[Entries taken from a collection]
________________________________________
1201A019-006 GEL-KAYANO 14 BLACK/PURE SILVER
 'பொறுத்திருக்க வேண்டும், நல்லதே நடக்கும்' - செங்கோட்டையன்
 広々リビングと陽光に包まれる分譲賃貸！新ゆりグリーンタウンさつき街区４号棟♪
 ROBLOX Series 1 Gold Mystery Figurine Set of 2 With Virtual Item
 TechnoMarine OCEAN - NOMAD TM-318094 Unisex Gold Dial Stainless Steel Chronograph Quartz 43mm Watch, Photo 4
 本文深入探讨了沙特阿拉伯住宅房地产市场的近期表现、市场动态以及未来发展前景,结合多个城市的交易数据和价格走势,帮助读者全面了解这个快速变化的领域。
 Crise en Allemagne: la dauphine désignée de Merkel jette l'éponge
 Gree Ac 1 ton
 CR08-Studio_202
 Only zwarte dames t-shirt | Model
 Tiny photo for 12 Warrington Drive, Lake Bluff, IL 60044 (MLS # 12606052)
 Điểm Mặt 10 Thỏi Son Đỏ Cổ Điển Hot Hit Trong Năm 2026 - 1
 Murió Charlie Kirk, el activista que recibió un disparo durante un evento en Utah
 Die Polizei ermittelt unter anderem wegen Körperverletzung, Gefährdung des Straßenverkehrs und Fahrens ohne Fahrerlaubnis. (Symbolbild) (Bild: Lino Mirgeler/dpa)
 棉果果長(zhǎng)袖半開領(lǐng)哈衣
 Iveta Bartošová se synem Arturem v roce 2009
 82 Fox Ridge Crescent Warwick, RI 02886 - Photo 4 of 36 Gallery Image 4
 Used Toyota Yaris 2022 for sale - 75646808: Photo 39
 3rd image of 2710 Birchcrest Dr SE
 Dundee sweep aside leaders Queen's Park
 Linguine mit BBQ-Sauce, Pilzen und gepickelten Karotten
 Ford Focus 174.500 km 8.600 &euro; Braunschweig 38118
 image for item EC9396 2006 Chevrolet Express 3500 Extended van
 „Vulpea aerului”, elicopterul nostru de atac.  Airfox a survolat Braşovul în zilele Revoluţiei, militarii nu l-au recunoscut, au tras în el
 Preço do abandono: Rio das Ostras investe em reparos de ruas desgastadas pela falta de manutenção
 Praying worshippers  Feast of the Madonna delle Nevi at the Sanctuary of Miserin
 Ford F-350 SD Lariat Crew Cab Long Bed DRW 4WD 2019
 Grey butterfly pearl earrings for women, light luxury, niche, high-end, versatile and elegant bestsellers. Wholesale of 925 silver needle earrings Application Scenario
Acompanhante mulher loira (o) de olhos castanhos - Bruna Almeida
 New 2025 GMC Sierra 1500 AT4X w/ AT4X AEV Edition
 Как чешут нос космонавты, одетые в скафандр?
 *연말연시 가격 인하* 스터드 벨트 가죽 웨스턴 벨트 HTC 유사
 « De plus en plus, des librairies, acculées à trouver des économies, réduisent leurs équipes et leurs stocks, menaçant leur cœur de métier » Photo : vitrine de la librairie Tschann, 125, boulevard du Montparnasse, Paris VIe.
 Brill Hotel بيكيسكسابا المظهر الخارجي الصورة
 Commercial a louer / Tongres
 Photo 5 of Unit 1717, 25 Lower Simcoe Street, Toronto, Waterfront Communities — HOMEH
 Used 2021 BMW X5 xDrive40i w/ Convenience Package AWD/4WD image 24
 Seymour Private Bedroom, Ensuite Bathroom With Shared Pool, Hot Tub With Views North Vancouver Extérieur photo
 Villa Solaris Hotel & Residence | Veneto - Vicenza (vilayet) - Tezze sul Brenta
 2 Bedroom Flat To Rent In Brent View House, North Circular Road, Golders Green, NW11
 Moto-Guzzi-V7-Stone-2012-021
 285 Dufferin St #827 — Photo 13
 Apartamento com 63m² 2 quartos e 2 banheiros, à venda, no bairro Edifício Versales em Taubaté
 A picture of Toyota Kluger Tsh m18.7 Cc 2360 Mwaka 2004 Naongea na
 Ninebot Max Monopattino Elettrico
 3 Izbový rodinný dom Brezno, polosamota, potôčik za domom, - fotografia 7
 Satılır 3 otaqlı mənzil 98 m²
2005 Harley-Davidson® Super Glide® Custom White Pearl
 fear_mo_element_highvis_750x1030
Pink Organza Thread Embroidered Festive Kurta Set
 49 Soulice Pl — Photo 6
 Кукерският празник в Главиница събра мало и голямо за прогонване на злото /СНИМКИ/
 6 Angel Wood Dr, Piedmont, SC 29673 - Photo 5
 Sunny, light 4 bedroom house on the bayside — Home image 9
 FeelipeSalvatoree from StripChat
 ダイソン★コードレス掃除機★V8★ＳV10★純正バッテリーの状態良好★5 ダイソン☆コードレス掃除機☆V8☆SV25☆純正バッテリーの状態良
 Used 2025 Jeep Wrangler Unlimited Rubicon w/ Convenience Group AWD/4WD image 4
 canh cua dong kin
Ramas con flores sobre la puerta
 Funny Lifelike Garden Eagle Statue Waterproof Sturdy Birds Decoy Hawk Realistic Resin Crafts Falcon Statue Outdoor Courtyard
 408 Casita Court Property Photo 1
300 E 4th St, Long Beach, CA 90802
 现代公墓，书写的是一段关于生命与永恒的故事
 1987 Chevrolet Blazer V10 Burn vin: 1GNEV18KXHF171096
________________________________________
Task:
Return only the part of the records above that opens with the line containing "Satılır 3 otaqlı mənzil 98 m²" and closes with the line containing "Sunny, light 4", ends included.

Result:
 Satılır 3 otaqlı mənzil 98 m²
2005 Harley-Davidson® Super Glide® Custom White Pearl
 fear_mo_element_highvis_750x1030
Pink Organza Thread Embroidered Festive Kurta Set
 49 Soulice Pl — Photo 6
 Кукерският празник в Главиница събра мало и голямо за прогонване на злото /СНИМКИ/
 6 Angel Wood Dr, Piedmont, SC 29673 - Photo 5
 Sunny, light 4 bedroom house on the bayside — Home image 9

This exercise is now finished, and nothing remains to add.